Gordon traversed the country and the world in his Volvo P1800, which became a part of him and gave him a unique outlet to travel and make friends, his daughter Danielle Gordon said.
“He was a person who needed to be free and who needed to just be out on the road,” said Gordon, 41.
Irv Gordon collapsed Thursday while traveling in a remote, mountainous region of China for promotional work with Volvo Cars, Danielle Gordon said. He is believed to have died of a heart attack just hours after messaging his daughter that he was “having one of the best times of his life.” He was 78.
Irvin Gordon was born in July 1940 to Henry and Emma Gordon. He graduated from a Massachusetts college, which Danielle Gordon declined to name citing security concerns over his valuable car. He worked as a science teacher at Roslyn Middle School from 1962 until he retired in 1999.
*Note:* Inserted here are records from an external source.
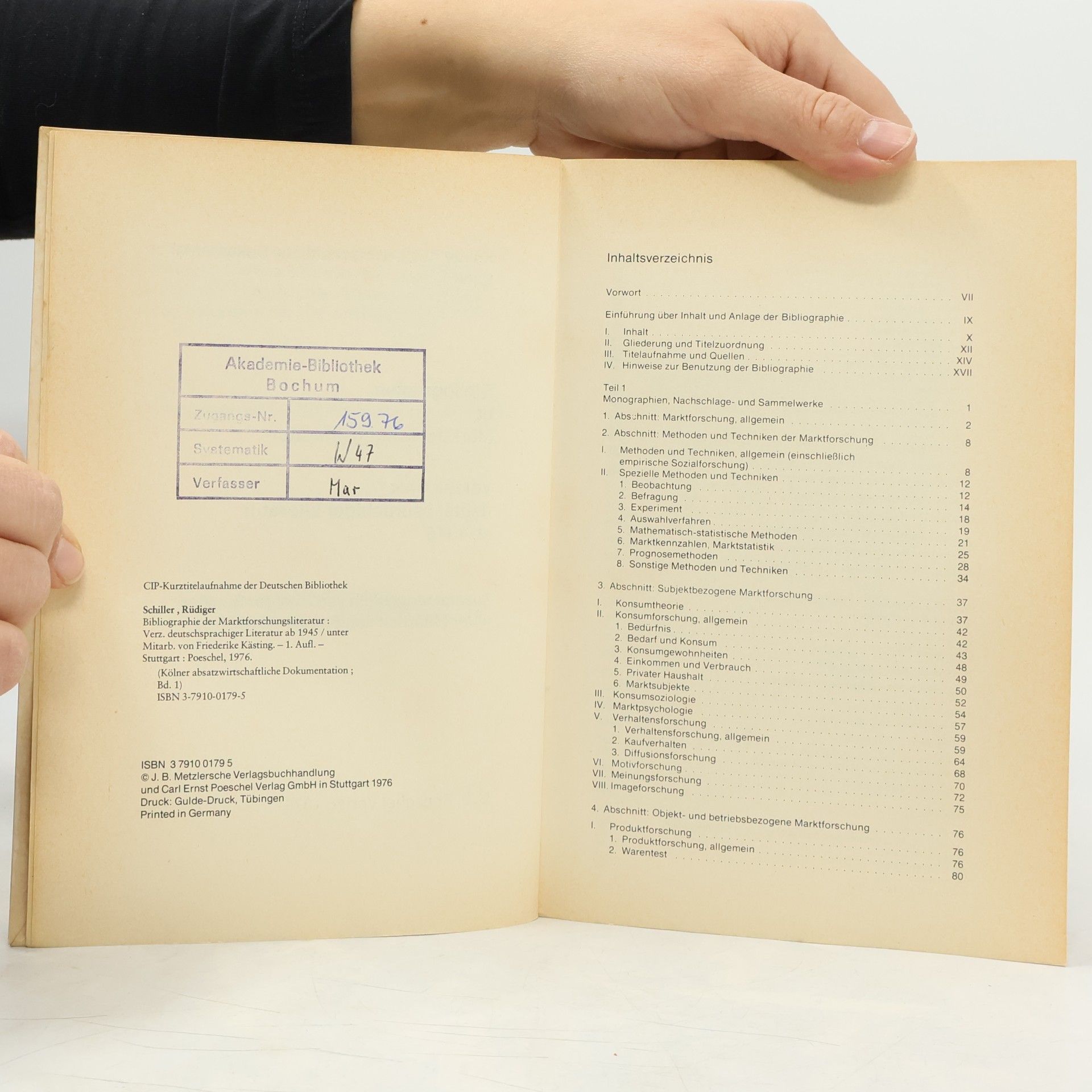 Rüdiger Schiller Kölner Absatzwirtschaftliche Dokumentation - 1: Bibliographie der Marktforschungsliteratur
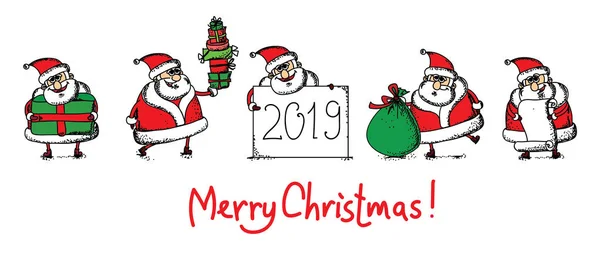 Χριστουγεννιάτικο Πανό Santa Ρήτρες Και Κείμενο Χαιρετισμού Καλά Χριστούγεννα Διάνυσμα — Διανυσματικό Αρχείο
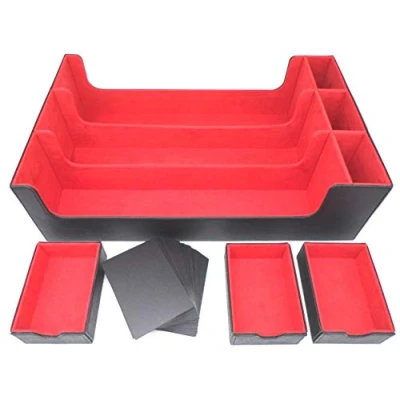 Afbeelding van Docsmagic.de Premium opbergdoos voor ruilkaarten met 3 rijen zwart/rood + bakjes en verdeler MTG PKM YGO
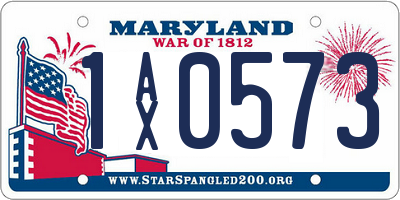 MD license plate 1AX0573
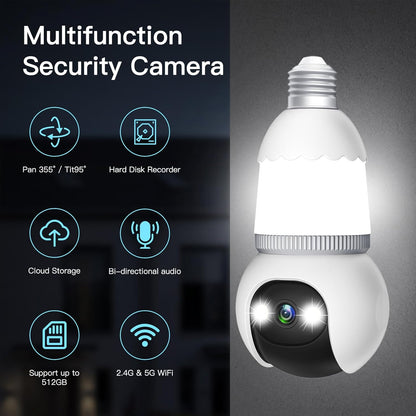 4MP Light Bulb Security Camera 5G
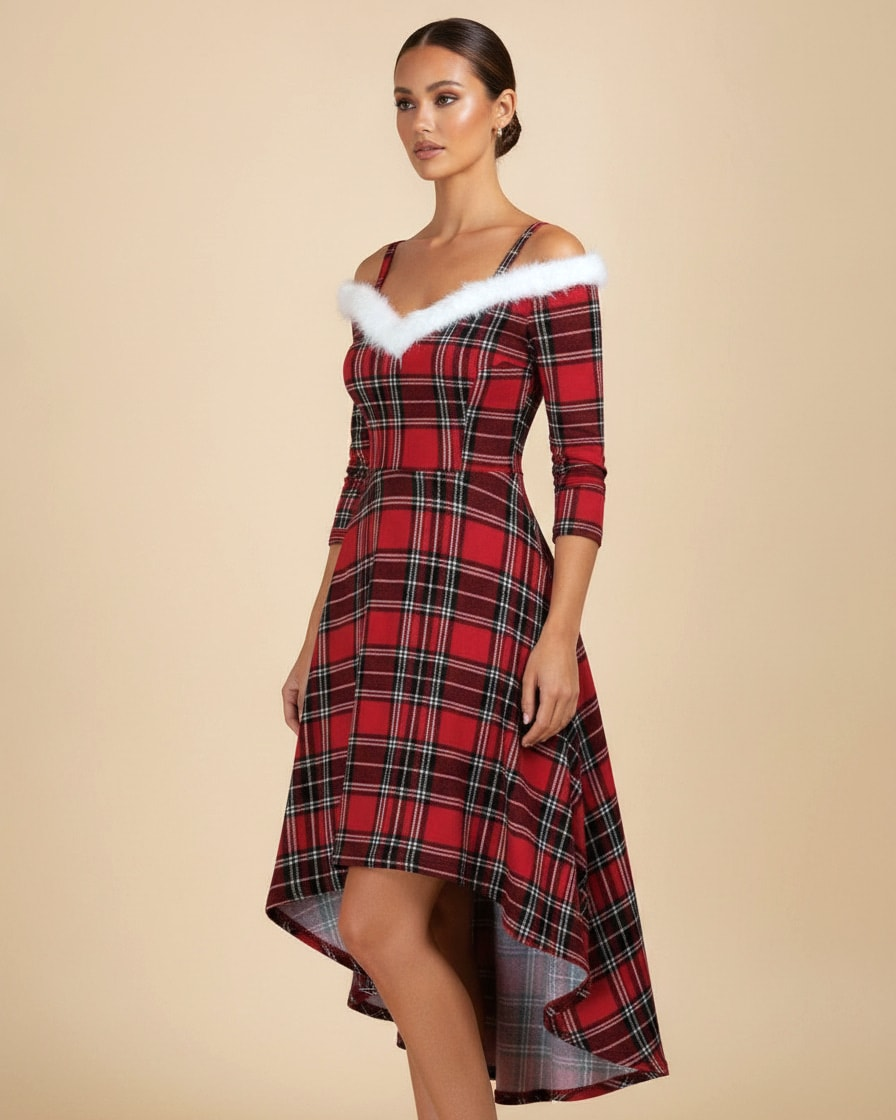 long sleeve fluffy low deep dress 19300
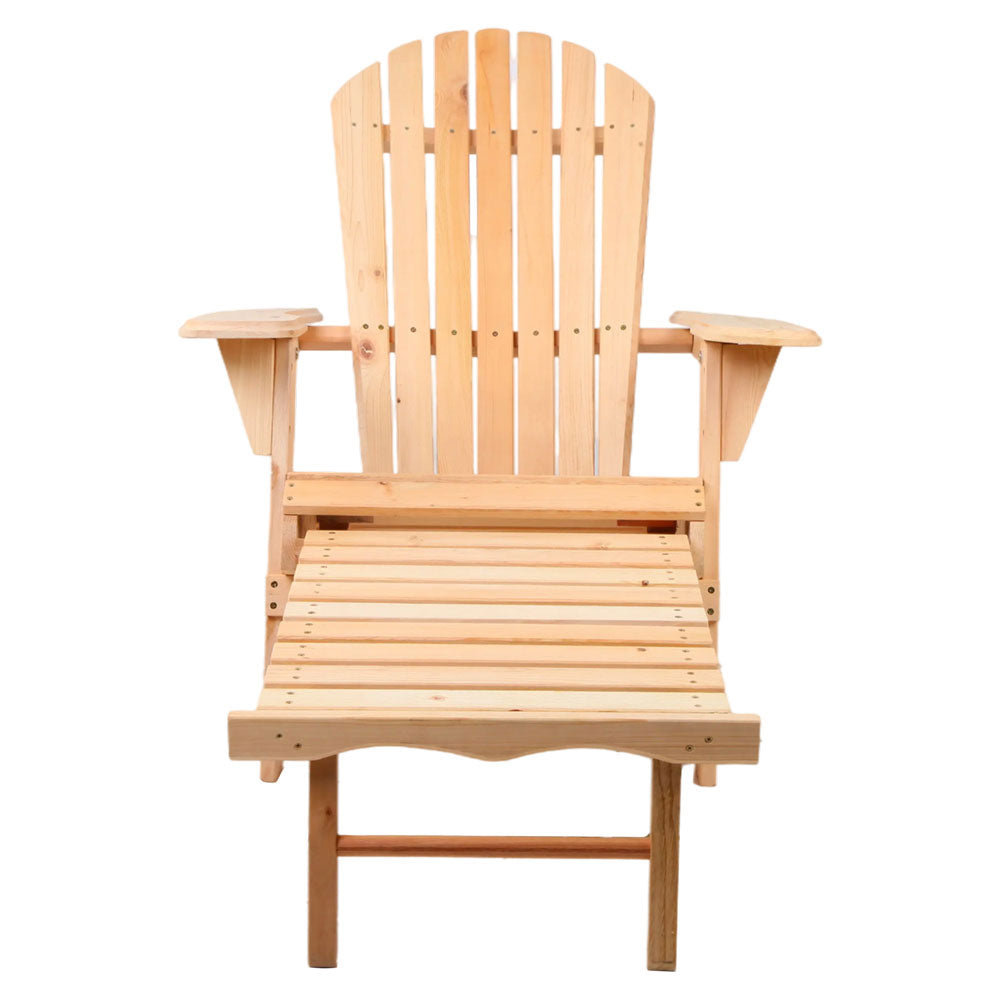 Gardeon 2PC Adirondack Outdoor Chairs Wooden Sun Lounge Patio Furniture Garden Natural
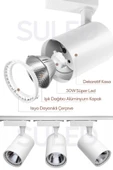 Suled Ray Spot Işık Beyaz Kasa - Beyaz Işık 360/90 Dönebilen 30W Ray Spotu Led Işık Pro 220V - 7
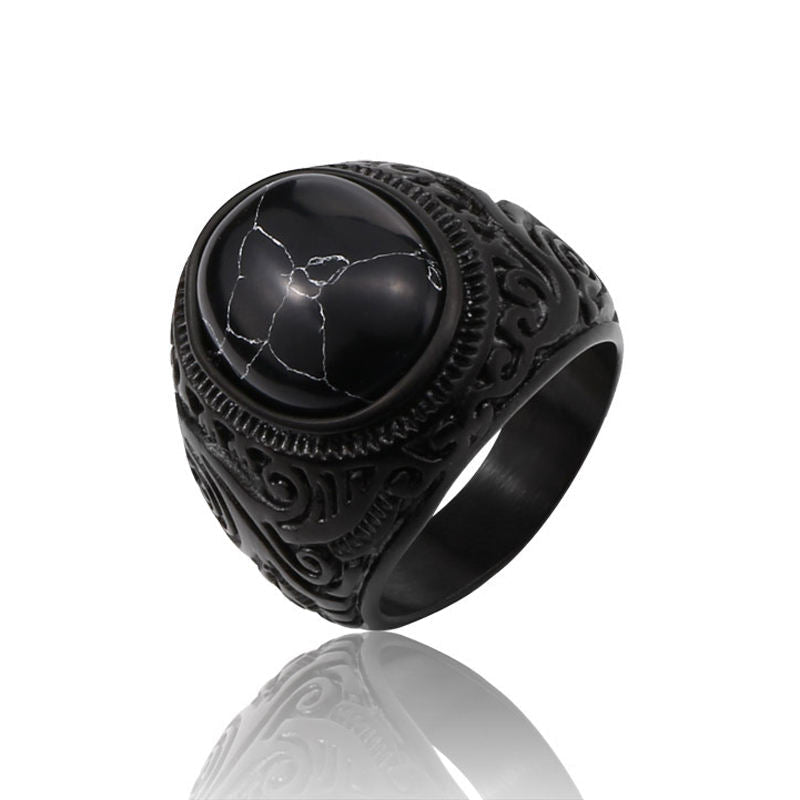 Men Vintage Stainless Steel Ring Black Inlaid Gem Carved Ring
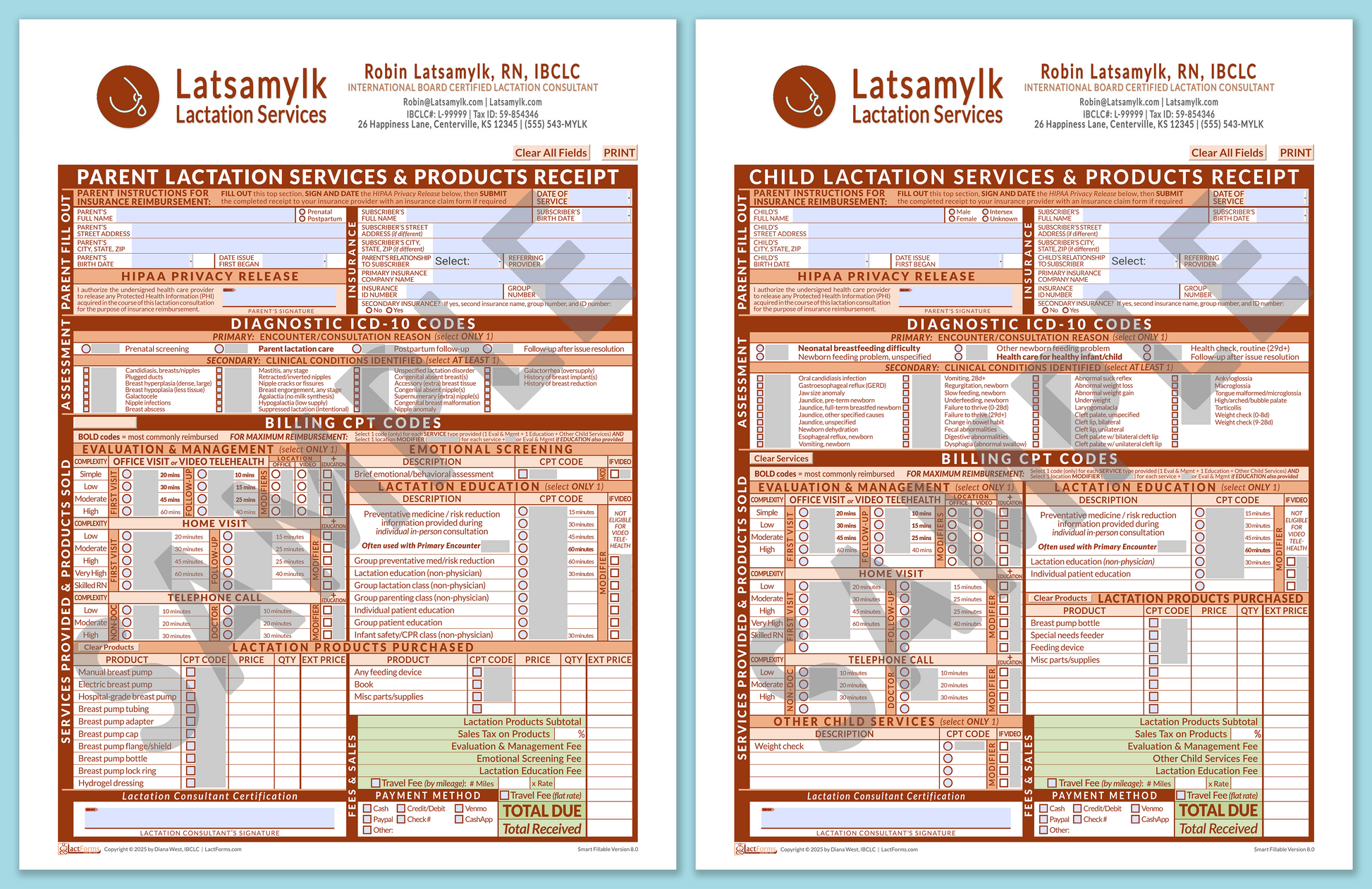 LactForms Superbills Package V8.0 SmartFillable HeaderBox Orange-Redacted sample-Before editing header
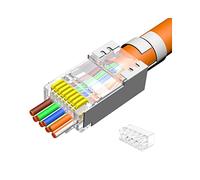 VIVOCH Cat7 RJ45 Pass Through Connectors and Plugs - Metal Shielded RJ45 Ends FTP 8P8C Modular Network Plug Connector (50 Pieces)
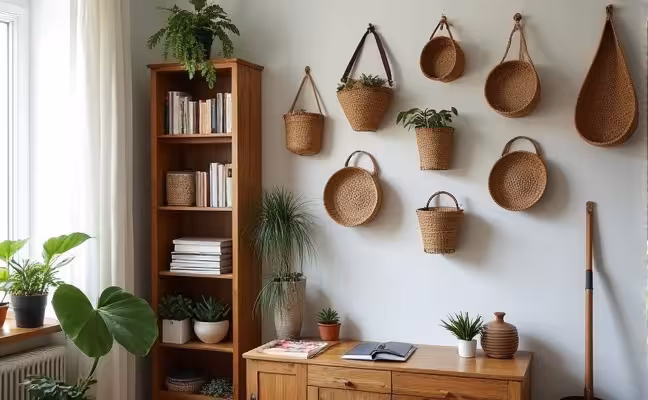 An image of a small, cozy room with a tall, skinny cabinet in the corner filled with books and plants, and a wall lined with hanging baskets showcasing various everyday items. The room should have a minimalist design, emphasizing the vertical spaces used for storage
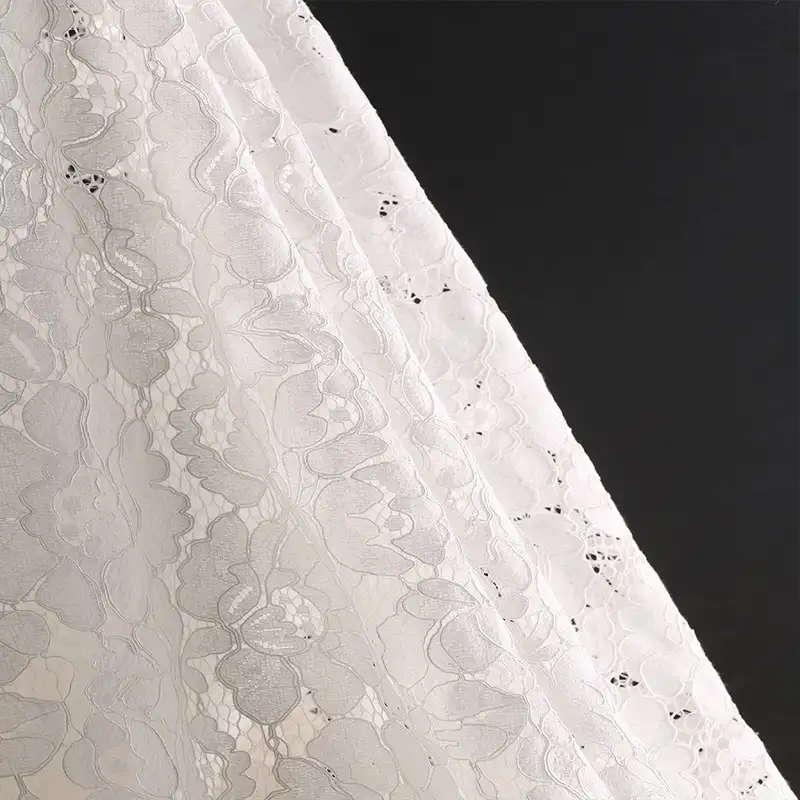 China Fabric for Blouse,Skirt,Shirt Long Sleeve Button ,Dresses (Cardigan Button) ,Skirt  Lace Knit Fabric Cotton Nylon Rayon white color buy from China wholesaler bulk order at wholesale price free worldwide shipping Alibaba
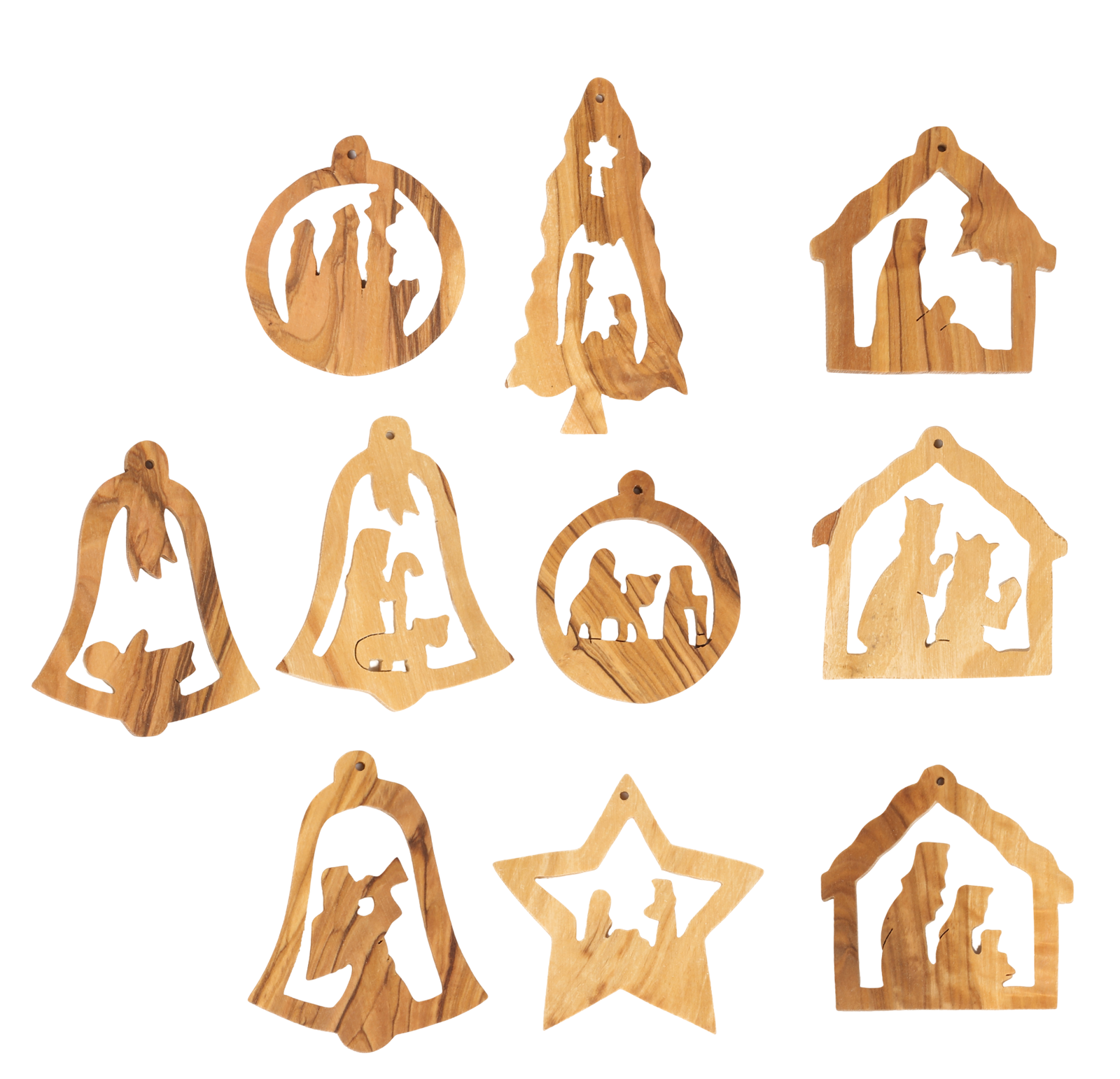 Olive Wood Ornament_ Set of 10 Diverse Ornaments_ Large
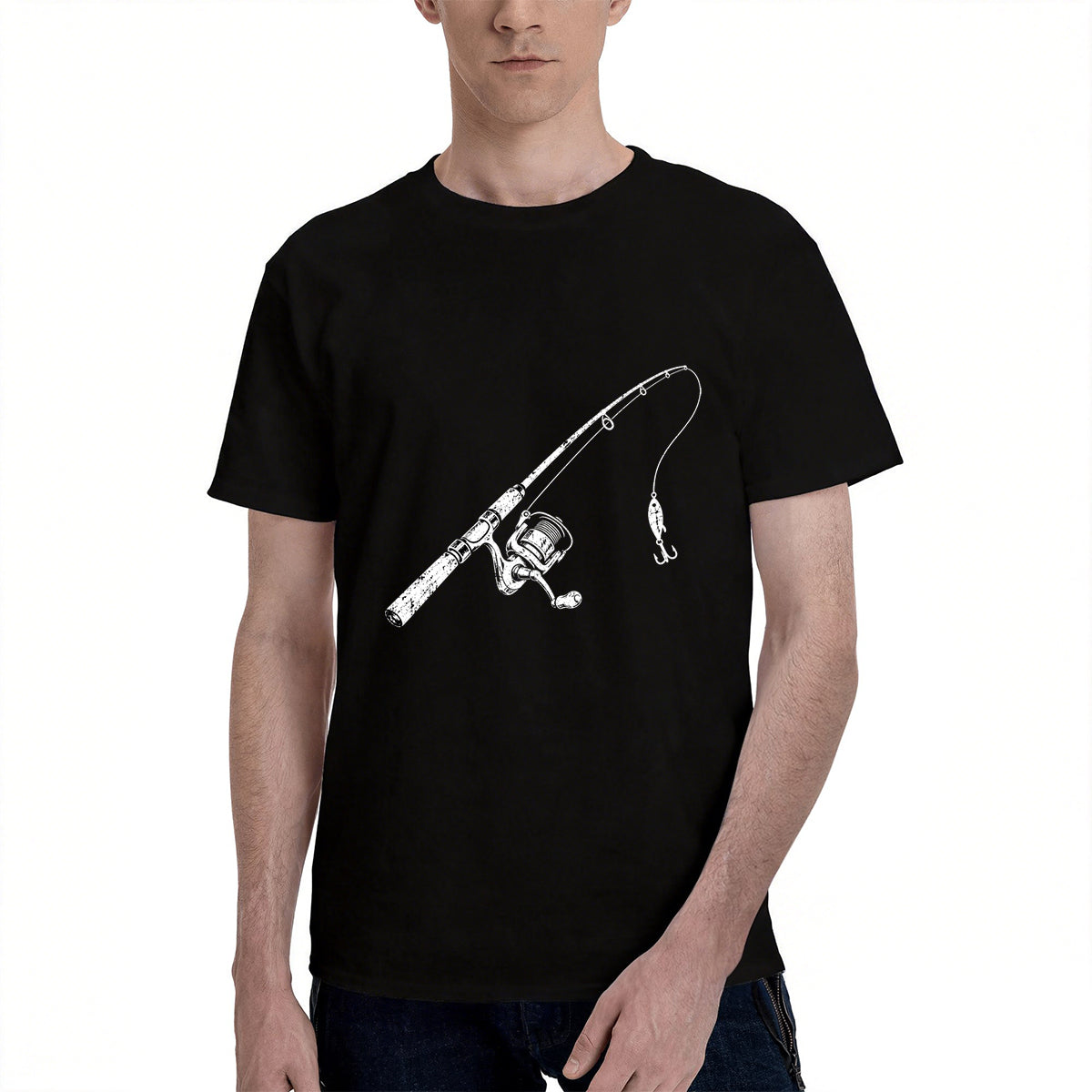 Men's Cotton Fishing Rod Graphic Crew Neck T-Shirt for Outdoor Casual Summer Wear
Gordon purchased the Volvo for $4,150 on June 30, 1966. In the first two days, he drove 1,500 miles. He continued adding to the odometer with his daily commute to Roslyn. In 1987, it became the fourth car to pass the million-mile mark. Eleven years later, he broke the Guinness World Record for “highest certified mileage driven by the original owner in noncommercial service” with 1.696 million miles. He reached 2 million miles in Times Square in 2002 and 3 million miles in Alaska in 2013.
“If a car can have a soul, this car has a soul,” Gordon told Newsday in 2002, one of many media interviews he did over the years.
The so-called patron saint of Volvo eventually drove 3.4 million miles — enough to circumnavigate the globe about 120 times, according to Guinness World Records. He traveled to 49 states and became a “walking tour guide of an entire map of the United States,” his daughter said.
“Irv never set out to break world records, to him, he was simply living his life in his Volvo,” Volvo Car USA said in a statement.
Gordon regularly checked the car, which he did not let anyone else drive. His engine was rebuilt twice, and his car had been hit at least four times.
"Why would you get rid of a car that starts every time you hit the starter, takes you where you want to go and never gives you any grief?" he told Newsday in 2011.
Even with his love for driving, he had other feelings about Long Island roads and traffic: He called the Long Island Expressway “the largest parking lot in the world,” his daughter said.
Danielle Gordon said she drove the famed car, with the license plate MILNMILR, for the first time after Gordon's death to move it to a secure location. But the key broke off in the ignition, and the car somehow got locked from the inside while empty on a flatbed truck.
“We were all laughing,” she said. “It was like, oh my God, my dad is here and he’s saying, ‘Don’t touch it.’”
Danielle Gordon said she plans to put the car on display. But because “that car really is my dad,” she said she is “really not ready to let it go right now.” She said she is going to "take a drive with my dad and his car" this week before she returns to Rosario, Argentina, where she works as a psychiatrist.
Gordon, who was divorced, is survived by his daughters, Danielle Gordon and Amy Sircusano, of Maryland, and three granddaughters: Elizabeth, Lucia and Isabella.
Gordon, also remembered for his boisterous laugh, warm personality, sense of humor and thoughtfulness, will be cremated. Services will be set after his remains are returned from China.
“I'm having fun," he said in 2002. "Now it's just a challenge to see how far it will go."